Flexible string representation, unicode, typography, ...

Tue Aug 28 22:42:25 EDT 2012

On Aug 28, 4:57 am, Neil Hodgson <nhodg... at iinet.net.au> wrote:
> wxjmfa... at gmail.com:
>
> > Go "has" the integers int32 and int64. A rune ensure
> > the usage of int32. "Text libs" use runes. Go has only
> > bytes and runes.
>
>      Go's text libraries use UTF-8 encoded byte strings. Not arrays of
> runes. See, for example,http://golang.org/pkg/regexp/
>
>     Are you claiming that UTF-8 is the optimum string representation and
> therefore should be used by Python?
>
>     Neil

This whole rune/go business is a red-herring.
In the other thread Peter Otten wrote:

> wxjmfa... at gmail.com wrote:
> > By chance and luckily, first attempt.
> > c:\python32\python -m timeit "('€'*100+'€'*100).replace('€'
> > , 'œ')"
> > 1000000 loops, best of 3: 1.48 usec per loop
> > c:\python33\python -m timeit "('€'*100+'€'*100).replace('€'
> > , 'œ')"
> > 100000 loops, best of 3: 7.62 usec per loop
>
> OK, that is roughly factor 5. Let's see what I get:
>
> $ python3.2 -m timeit '("€"*100+"€"*100).replace("€", "œ")'
> 100000 loops, best of 3: 1.8 usec per loop
> $ python3.3 -m timeit '("€"*100+"€"*100).replace("€", "œ")'
> 10000 loops, best of 3: 9.11 usec per loop
>
> That is factor 5, too. So I can replicate your measurement on an AMD64 Linux
> system with self-built 3.3 versus system 3.2.
>
> > Note
> > The used characters are not members of the latin-1 coding
> > scheme (btw an *unusable* coding).
> > They are however charaters in cp1252 and mac-roman.
>
> You seem to imply that the slowdown is connected to the inability of latin-1
> to encode "œ" and "€" (to take the examples relevant to the above
> microbench). So let's repeat with latin-1 characters:
>
> $ python3.2 -m timeit '("ä"*100+"ä"*100).replace("ä", "ß")'
> 100000 loops, best of 3: 1.76 usec per loop
> $ python3.3 -m timeit '("ä"*100+"ä"*100).replace("ä", "ß")'
> 10000 loops, best of 3: 10.3 usec per loop
>
> Hm, the slowdown is even a tad bigger.
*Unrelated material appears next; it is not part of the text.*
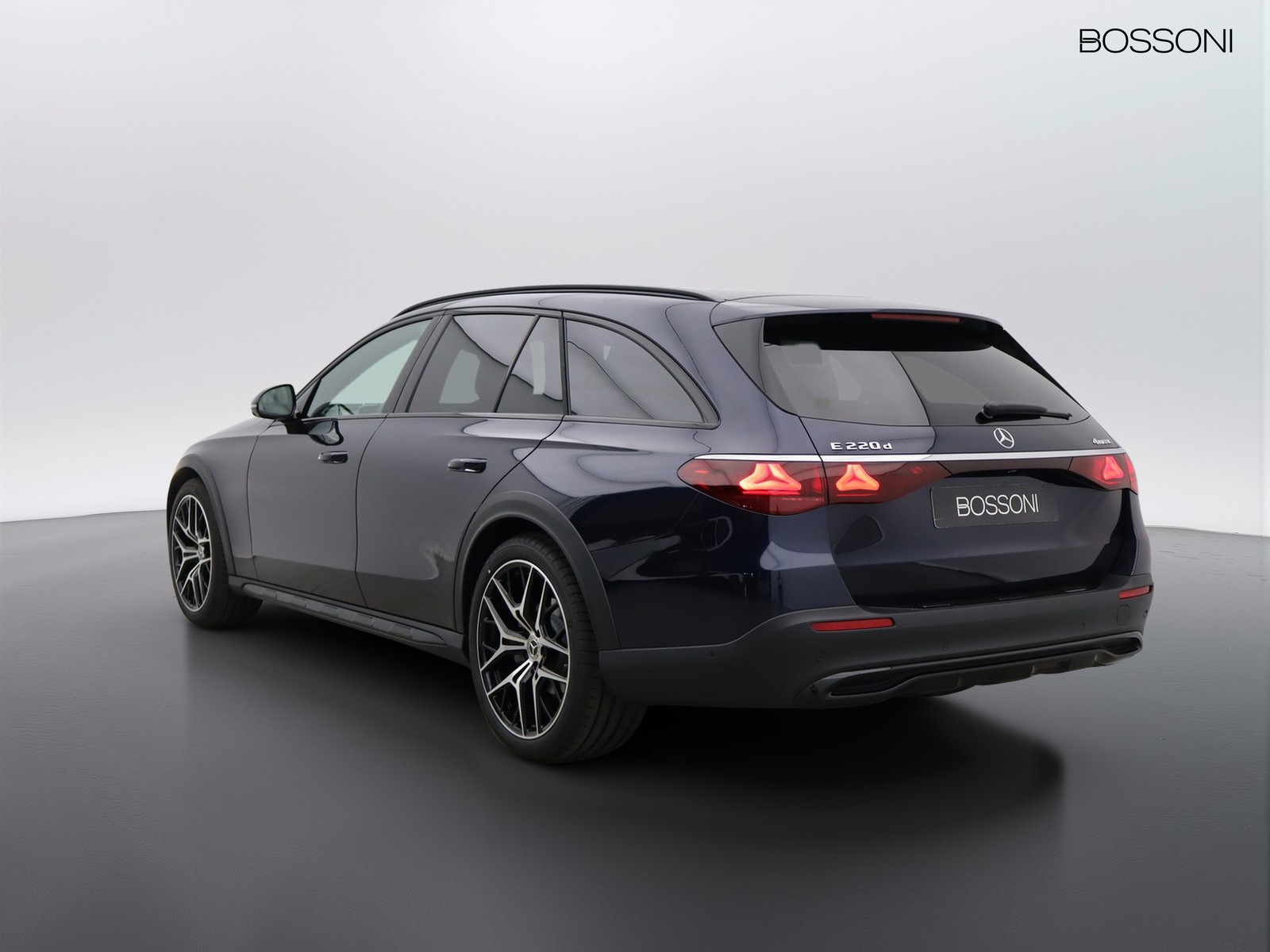 5 - Mercedes Classe E station wagon all-terrain 220 d advanced plus 4matic 9g-tronic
So we can safely dismiss your theory
> that an unfortunate choice of the 8 bit encoding is causing it. Do you

In summary:
1. The problem is not on jmf's computer
2. It is not windows-only
3. It is not directly related to latin-1 encodable or not

The only question which is not yet clear is this:
Given a typical string operation that is complexity O(n), in more
detail it is going to be O(a + bn)
If only a is worse going 3.2 to 3.3, it may be a small issue.
If b is worse by even a tiny amount, it is likely to be a significant
regression for some use-cases.

So doing some arm-chair thinking (I dont know the code and difficulty
involved):

Clearly there are 3 string-engines in the python 3 world:
- 3.2 narrow
- 3.2 wide
- 3.3 (flexible)

How difficult would it be to giving the choice of string engine as a
command-line flag?
This would avoid the nuisance of having two binaries -- narrow and
wide.
And it would give the python programmer a choice of efficiency
profiles.